_TASK OBJECTIVE_
After finding the line with "navă de transport" in the entries below, retype exactly each line from there through the line with "Gastgeschenk Set mit", including that final line.
*** MATERIAL PROVIDED ***
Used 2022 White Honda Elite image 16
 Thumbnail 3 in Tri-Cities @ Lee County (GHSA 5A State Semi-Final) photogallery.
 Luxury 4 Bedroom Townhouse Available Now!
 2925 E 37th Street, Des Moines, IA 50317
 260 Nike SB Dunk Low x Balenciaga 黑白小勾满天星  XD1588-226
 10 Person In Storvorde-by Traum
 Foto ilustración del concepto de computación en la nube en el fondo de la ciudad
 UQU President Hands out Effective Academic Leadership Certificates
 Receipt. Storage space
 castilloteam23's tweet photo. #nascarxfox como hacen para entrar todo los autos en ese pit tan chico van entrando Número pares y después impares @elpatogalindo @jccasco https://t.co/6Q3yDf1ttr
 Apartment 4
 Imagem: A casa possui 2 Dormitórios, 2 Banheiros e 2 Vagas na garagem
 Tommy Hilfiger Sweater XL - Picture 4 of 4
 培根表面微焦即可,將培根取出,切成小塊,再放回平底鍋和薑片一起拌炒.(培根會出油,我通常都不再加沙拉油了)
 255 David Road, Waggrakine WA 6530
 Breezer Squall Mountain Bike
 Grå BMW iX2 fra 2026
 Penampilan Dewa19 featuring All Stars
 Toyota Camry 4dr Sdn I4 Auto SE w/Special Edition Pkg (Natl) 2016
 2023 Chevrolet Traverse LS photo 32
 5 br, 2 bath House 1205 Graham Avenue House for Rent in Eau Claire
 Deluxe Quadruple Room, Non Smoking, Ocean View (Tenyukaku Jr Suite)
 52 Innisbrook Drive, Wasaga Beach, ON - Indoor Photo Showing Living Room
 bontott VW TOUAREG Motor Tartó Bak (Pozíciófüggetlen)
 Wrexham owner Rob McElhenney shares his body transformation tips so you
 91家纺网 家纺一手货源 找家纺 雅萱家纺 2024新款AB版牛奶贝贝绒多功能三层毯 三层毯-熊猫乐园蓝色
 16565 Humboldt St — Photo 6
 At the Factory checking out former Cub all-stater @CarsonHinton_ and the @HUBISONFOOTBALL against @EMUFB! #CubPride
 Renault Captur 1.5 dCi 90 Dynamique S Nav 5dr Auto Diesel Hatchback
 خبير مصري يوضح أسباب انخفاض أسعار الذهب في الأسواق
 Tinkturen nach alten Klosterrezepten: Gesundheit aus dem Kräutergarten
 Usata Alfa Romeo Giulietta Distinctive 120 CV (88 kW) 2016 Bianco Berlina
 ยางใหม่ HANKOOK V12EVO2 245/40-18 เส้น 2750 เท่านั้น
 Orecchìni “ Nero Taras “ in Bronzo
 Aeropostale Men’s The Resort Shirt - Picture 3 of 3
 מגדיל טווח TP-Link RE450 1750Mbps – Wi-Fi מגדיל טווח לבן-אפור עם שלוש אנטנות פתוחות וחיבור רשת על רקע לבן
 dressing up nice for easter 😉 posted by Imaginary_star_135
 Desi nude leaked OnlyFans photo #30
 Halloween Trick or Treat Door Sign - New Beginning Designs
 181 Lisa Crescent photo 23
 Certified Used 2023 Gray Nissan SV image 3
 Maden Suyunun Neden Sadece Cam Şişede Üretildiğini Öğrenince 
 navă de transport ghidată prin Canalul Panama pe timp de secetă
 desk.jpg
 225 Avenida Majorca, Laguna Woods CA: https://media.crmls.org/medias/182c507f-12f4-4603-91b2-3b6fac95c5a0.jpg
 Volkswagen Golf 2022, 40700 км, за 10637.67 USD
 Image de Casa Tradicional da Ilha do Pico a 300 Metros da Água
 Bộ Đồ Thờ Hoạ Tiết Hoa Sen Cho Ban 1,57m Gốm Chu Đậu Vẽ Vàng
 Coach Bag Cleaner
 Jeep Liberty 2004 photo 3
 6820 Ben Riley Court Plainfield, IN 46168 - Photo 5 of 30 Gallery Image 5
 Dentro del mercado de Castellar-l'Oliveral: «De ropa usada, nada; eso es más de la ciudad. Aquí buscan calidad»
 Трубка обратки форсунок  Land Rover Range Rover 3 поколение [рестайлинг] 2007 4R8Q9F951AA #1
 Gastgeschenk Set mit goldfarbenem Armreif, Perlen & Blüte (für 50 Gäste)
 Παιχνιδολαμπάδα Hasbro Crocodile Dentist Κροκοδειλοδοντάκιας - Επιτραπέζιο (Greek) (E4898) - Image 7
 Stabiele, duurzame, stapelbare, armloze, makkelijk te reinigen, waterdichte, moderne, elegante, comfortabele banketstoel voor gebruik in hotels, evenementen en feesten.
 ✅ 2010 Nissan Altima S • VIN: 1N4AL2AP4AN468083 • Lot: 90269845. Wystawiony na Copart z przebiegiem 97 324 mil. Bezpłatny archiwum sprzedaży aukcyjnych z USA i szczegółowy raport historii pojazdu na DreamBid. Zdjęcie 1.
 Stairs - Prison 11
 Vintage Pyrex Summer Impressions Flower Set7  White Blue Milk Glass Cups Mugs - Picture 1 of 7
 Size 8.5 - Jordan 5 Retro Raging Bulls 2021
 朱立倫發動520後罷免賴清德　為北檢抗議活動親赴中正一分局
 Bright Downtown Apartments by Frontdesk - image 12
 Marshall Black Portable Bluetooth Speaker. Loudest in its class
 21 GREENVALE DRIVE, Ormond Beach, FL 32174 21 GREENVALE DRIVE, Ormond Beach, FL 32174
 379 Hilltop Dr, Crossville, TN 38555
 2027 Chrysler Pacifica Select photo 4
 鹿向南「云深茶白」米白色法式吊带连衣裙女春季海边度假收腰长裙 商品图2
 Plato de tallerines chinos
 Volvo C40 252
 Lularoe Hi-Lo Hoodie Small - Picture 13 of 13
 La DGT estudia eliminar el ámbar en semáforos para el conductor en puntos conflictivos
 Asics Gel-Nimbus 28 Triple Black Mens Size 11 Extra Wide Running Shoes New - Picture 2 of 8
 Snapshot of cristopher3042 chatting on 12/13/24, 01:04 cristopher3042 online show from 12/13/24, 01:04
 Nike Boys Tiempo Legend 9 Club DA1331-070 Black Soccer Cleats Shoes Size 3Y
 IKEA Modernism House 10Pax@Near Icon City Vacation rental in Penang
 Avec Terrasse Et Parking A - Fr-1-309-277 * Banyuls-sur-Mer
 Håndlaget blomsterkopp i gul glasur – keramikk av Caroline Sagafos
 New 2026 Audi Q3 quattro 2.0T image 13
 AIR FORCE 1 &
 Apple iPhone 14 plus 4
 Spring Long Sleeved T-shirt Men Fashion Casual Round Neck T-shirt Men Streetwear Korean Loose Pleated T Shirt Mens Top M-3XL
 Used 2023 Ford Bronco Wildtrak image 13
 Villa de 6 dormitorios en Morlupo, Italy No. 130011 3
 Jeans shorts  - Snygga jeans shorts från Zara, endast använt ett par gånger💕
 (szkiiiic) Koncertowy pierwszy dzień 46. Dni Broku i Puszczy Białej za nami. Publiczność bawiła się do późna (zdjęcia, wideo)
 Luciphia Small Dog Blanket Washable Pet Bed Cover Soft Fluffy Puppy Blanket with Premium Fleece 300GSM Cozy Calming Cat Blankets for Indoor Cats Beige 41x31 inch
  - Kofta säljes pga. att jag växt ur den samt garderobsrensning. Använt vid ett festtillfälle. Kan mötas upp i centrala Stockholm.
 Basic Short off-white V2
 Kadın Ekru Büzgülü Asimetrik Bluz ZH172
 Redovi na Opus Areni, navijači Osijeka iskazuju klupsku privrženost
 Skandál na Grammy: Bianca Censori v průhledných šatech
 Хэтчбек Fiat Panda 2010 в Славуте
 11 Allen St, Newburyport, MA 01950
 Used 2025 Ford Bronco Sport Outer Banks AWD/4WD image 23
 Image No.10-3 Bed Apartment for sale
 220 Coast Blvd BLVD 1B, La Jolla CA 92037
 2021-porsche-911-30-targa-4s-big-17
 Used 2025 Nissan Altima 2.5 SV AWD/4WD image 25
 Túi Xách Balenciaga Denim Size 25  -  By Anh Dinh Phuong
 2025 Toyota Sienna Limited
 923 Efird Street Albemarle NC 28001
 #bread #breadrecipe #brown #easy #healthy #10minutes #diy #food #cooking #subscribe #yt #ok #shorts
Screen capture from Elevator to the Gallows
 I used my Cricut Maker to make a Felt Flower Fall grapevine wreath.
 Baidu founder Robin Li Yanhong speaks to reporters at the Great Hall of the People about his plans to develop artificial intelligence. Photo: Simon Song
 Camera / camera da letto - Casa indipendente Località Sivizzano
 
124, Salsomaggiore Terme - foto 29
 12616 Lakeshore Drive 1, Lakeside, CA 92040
*** End of MATERIAL PROVIDED ***
_WORKED SOLUTION_
 navă de transport ghidată prin Canalul Panama pe timp de secetă
 desk.jpg
 225 Avenida Majorca, Laguna Woods CA: https://media.crmls.org/medias/182c507f-12f4-4603-91b2-3b6fac95c5a0.jpg
 Volkswagen Golf 2022, 40700 км, за 10637.67 USD
 Image de Casa Tradicional da Ilha do Pico a 300 Metros da Água
 Bộ Đồ Thờ Hoạ Tiết Hoa Sen Cho Ban 1,57m Gốm Chu Đậu Vẽ Vàng
 Coach Bag Cleaner
 Jeep Liberty 2004 photo 3
 6820 Ben Riley Court Plainfield, IN 46168 - Photo 5 of 30 Gallery Image 5
 Dentro del mercado de Castellar-l'Oliveral: «De ropa usada, nada; eso es más de la ciudad. Aquí buscan calidad»
 Трубка обратки форсунок  Land Rover Range Rover 3 поколение [рестайлинг] 2007 4R8Q9F951AA #1
 Gastgeschenk Set mit goldfarbenem Armreif, Perlen & Blüte (für 50 Gäste)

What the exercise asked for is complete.